Thu, May 22 2025 22 May, 2025

Profits drop, debt rises, for oil majors

Quarterly earnings fell sharply, following the sharp deterioration in the global economy. Weak earnings for oil majors are expected for the rest of the year.

BP's North Sea Headquarters in Aberdeen, Scotland (Photo: Wiki Commons/ Bill Harrison)

Oil majors have reported a steep drop in quarterly profits, weighed down by the trade war, weakening demand, and rising costs.

The first quarter was the worst three-month period for some of the largest integrated oil companies in years, and the outlook going forward is negative.

Chevron’s earnings dropped to $3.5 billion in the first quarter, down a third from the same period in 2024. ExxonMobil’s earnings also fell, although the company beat expectations.

BP’s profits fell in half, collapsing to just $1.38 billion. BP cut its planned spending for 2025 by $500 million, and the company said it may cut even deeper, by as much as $2.5 billion, if market conditions deteriorate further. BP also reduced its stock buybacks.

The oil giant’s CFO told the FT that it has cut ties with 3,000 contractors, and would assess an additional 3,400 contractor roles.

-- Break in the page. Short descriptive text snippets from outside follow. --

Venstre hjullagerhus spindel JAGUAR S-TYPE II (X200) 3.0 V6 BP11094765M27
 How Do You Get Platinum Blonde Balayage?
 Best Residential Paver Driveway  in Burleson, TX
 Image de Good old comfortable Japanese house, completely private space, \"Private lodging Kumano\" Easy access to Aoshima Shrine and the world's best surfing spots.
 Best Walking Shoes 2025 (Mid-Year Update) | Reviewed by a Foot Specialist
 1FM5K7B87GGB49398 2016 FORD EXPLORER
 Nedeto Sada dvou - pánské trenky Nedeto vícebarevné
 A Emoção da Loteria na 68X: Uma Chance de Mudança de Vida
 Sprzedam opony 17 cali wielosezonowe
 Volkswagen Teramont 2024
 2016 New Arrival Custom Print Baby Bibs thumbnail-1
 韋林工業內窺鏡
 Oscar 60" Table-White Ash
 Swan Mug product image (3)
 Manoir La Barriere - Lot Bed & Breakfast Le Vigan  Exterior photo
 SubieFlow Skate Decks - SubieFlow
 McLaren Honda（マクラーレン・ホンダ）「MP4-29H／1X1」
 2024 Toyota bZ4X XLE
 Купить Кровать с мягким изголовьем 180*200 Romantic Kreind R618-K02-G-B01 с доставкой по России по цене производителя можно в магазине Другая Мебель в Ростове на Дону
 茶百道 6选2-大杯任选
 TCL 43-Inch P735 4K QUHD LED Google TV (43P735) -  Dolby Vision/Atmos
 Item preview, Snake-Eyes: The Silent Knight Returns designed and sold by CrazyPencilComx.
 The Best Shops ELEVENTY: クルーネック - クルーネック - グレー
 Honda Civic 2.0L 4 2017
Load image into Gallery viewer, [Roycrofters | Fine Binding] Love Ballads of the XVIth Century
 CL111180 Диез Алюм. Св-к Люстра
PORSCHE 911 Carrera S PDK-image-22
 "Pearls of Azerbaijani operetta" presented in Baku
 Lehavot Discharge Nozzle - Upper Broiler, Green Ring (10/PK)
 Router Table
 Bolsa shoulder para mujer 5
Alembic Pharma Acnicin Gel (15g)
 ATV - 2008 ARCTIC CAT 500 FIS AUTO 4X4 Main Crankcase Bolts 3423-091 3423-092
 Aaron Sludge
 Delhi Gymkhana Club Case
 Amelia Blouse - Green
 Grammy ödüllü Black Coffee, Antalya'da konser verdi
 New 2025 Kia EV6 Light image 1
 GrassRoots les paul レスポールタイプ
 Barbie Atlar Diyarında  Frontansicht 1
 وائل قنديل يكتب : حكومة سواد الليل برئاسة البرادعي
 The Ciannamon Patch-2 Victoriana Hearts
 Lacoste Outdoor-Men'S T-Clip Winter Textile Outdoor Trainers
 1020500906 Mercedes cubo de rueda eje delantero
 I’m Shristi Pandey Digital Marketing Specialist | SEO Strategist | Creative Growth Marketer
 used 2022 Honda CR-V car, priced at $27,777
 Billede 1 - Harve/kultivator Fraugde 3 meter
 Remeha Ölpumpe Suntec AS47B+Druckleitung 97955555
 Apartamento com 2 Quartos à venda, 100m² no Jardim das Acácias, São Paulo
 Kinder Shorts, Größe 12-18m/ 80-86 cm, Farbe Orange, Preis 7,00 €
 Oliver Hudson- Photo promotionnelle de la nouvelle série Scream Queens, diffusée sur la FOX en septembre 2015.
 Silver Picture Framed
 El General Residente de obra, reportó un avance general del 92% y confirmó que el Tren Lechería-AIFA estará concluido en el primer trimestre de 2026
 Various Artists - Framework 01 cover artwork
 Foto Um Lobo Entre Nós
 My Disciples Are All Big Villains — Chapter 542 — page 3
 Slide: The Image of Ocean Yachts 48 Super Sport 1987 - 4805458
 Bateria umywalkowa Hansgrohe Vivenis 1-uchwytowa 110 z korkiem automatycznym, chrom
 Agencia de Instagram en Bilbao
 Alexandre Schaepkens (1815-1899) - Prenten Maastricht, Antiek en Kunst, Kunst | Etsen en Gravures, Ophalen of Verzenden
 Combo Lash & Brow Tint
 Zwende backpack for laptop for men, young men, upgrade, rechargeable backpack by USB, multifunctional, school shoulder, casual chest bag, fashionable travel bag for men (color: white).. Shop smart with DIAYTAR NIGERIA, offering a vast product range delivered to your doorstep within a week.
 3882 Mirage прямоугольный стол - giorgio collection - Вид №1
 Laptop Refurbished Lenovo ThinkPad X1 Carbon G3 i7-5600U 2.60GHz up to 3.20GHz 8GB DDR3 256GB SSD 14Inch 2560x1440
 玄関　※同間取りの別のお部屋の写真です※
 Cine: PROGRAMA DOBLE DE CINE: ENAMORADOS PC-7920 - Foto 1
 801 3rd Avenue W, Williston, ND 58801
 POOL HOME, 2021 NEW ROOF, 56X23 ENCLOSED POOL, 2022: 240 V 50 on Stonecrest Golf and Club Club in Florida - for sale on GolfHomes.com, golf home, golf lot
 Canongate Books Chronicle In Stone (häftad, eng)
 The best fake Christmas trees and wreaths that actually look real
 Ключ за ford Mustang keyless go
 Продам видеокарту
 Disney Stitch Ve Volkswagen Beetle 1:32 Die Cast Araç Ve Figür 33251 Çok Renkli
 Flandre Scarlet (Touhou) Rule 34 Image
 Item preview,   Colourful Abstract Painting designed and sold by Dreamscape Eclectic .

Chevron said it would dial back the pace of share buybacks in the second quarter, repurchasing $2.75 billion in stock, which is nearly a third less than the first quarter.

But ExxonMobil, TotalEnergies, and Shell maintained their pace of stock repurchasing. 

Net debt for the five main western oil majors — Shell, BP, ExxonMobil, Chevron, and TotalEnergies — increased to $153 billion in the first quarter of 2025, up from $129 billion in the fourth quarter of last year.

The sharp drop in oil prices so far in 2025 explains much of the trouble. Prices are down around $20 per barrel from where they were at the start of the year. Demand forecasts have also been slashed. If the trade war drags on, further downward revisions are likely.

That spells trouble for the oil majors. A Reuters analysis finds that the companies need oil prices to average roughly $80 per barrel for them to cover capex, pay dividends, and continue to buy back their shares without taking on more debt.

Executives put on a brave face despite the headwinds. “We’re just working through our plan and we don’t really change anything,” Shell CFO Sinead Gorman said on a press call. “But I do understand for other companies that can be more difficult when they haven’t positioned quite as well.”

“We’ve navigated cycles before, and we’ll do it again,” Eimear Bonner, Chevron’s CFO, told the Wall Street Journal.